▶ **Exercise details**
Using the material below, repeat exactly the lines from the one with "AIDA Brochure" through the one with "Měnič napětí 12V/230V", ends included, without any images.

▶ **Data excerpts**
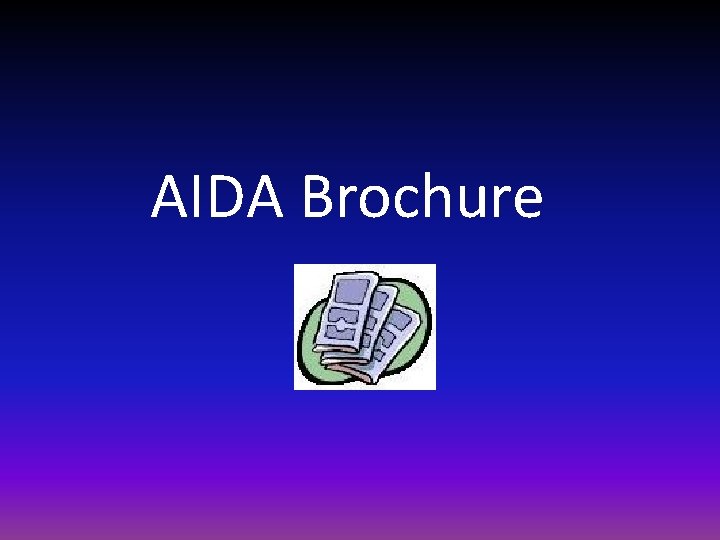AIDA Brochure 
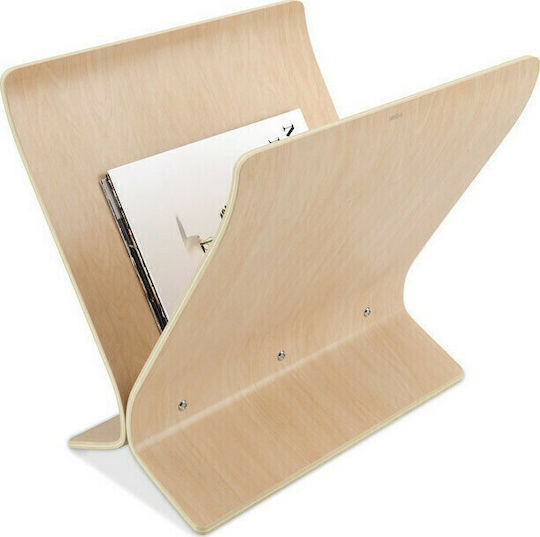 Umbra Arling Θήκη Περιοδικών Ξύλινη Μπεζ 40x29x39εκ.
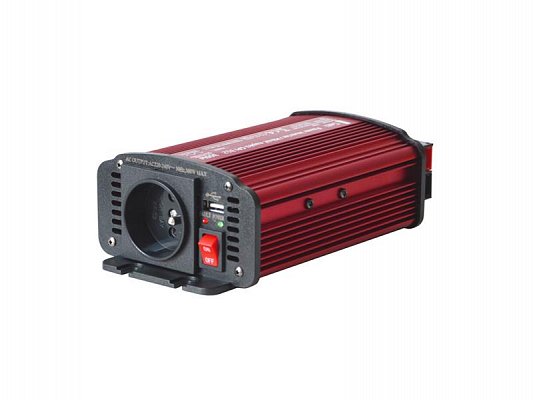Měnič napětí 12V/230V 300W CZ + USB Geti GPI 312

...

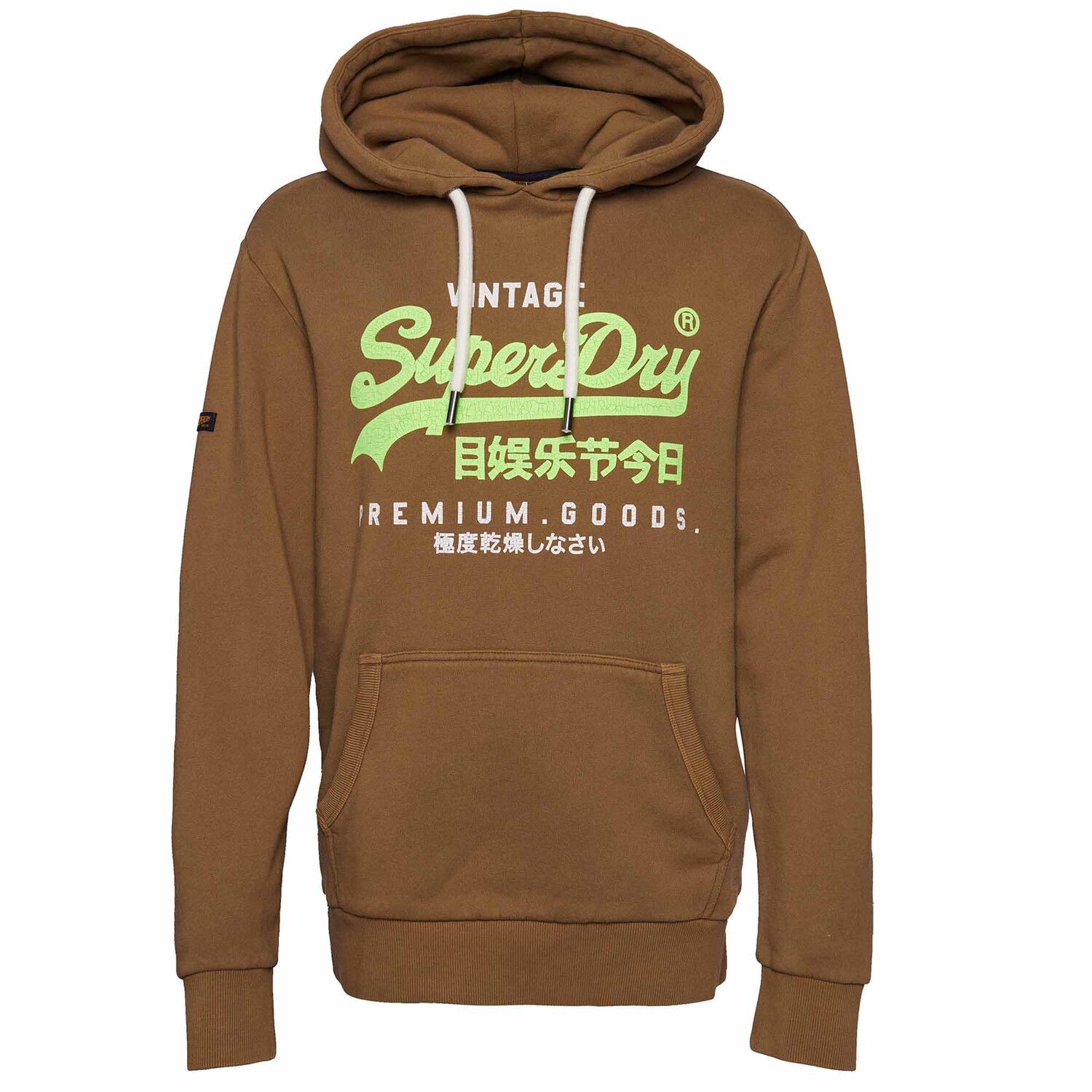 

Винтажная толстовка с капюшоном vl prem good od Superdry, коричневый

▶ **Result of this task**
AIDA Brochure 
 Umbra Arling Θήκη Περιοδικών Ξύλινη Μπεζ 40x29x39εκ.
Měnič napětí 12V/230V 300W CZ + USB Geti GPI 312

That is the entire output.